De la influencia ibérica al exilio soviético

Paradójicamente, otra de las esculturas más representativas del artista descansa ahora en el centro neurálgico de Madrid. Sus Toros ibéricos se encuentran en pleno Paseo de la Castellana, en uno de esos contrastes que tanto le fascinaban: la ruralidad frente al imparable y salvaje crecimiento de la ciudad. Pocos lugares mejores para ilustrar esta tensión que el Museo de Escultura al Aire Libre de La Castellana, de acceso libre y situado bajo el paso elevado que une las calles de Juan Bravo y Eduardo Dato.

Al igual que la obra que acoge a los visitantes del Reina Sofía, aquí destaca la verticalidad de unas figuras que apuntan al cielo madrileño. Otra de sus señas de identidad presentes es la capacidad para aglutinar más de un cuerpo en un solo conjunto: toro y vaquilla se entremezclan en una única pieza, aunque ambos elementos están bien delimitados.

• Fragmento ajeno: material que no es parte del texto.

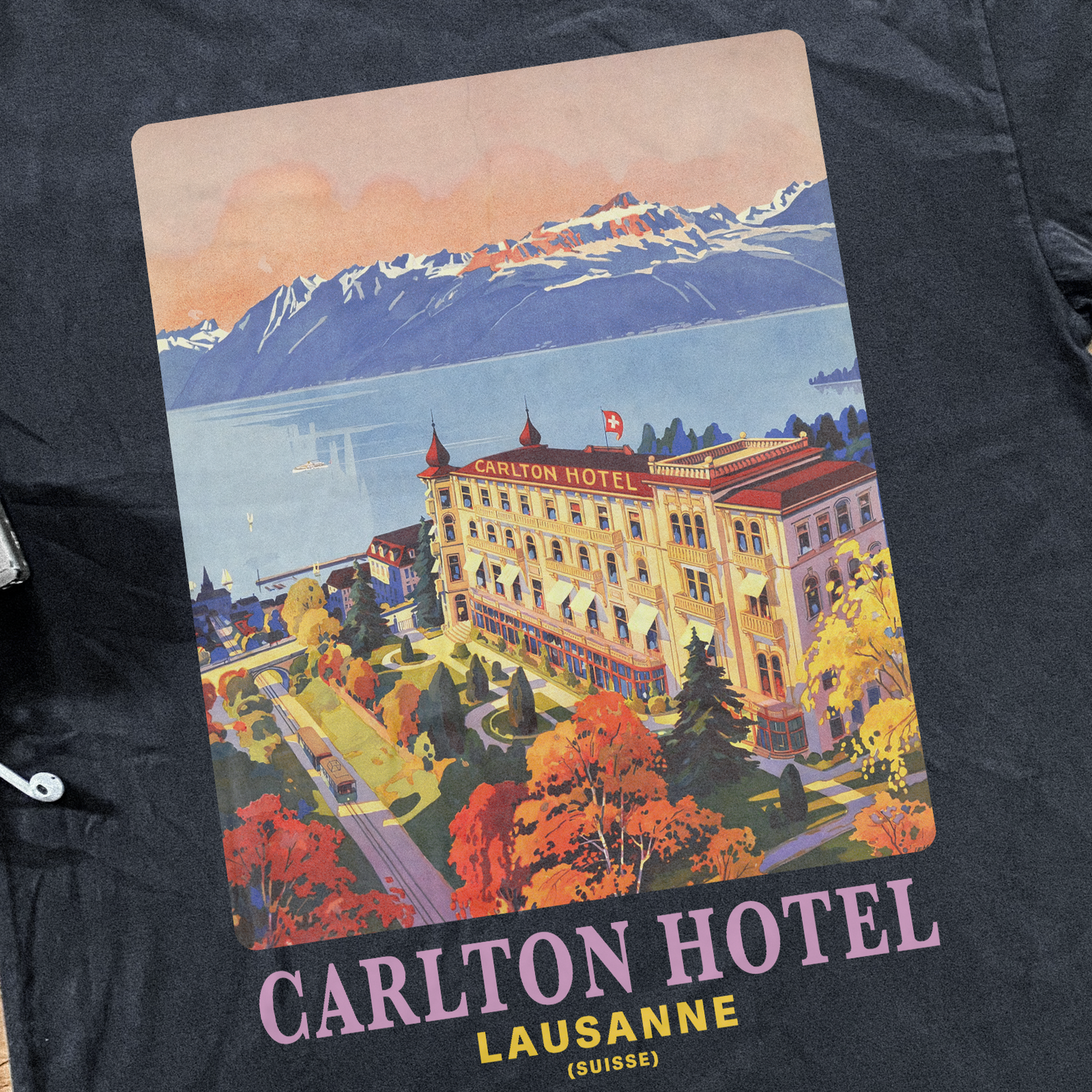 LAUSSANE 'CARLTON HOTEL'  HEAVYWEIGHT BLACK T-SHIRT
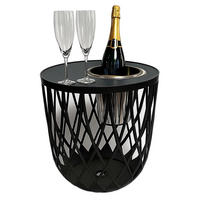 BEISTELLTISCH MIT EDELSTAHL-WEINKÜHLER Dubai schwarz 45 cm - Schwarz, Kunststoff (45/45/45cm) - COOTAB Cooler Table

Este y otros muchos trabajos de Sánchez están marcados por el impacto que le causaron las esculturas ibéricas en su primera visita al Museo Arqueológico Nacional de Madrid. Fue la chispa que encendió una obra injustamente minusvalorada durante décadas, en gran parte debido a su exilio soviético en 1938. La dictadura franquista le mantendría lejos de su tierra natal, esa de la que tanto bebían sus creaciones, y acabaría muriendo en Moscú en 1962. Pero como artista quijotesco que fue no dejó de trabajar, ni de hacerlo con su país en la cabeza. En 1957 colaboró en los decorados de una adaptación soviética de la gran obra cervantina, dirigida por el reputado Grigori Kózintsev.

La recuperación de su figura comenzó cuando ya había fallecido. De nuevo fue en la capital, en la ciudad donde desarrolló su etapa de esplendor, la que aglutinaba lo que más amaba y lo que más le inquietaba de su país, la tierra castiza y la urbe desalmada. En 1970 se celebra la primera muestra antológica dedicada a su trayectoria en el Museo Español de Arte Contemporáneo (predecesor, precisamente, del Reina Sofía). Se expusieron dibujos, pinturas y esculturas que abarcaban toda su evolución artística. Se incluyó incluso la obra realizada en Rusia, casi desconocida en España en aquella época. 53 años después, vuelve a ser reivindicado. Ahora Alberto Sánchez toca lo más alto en Toledo, como ya lo hizo literal y figuradamente en Madrid.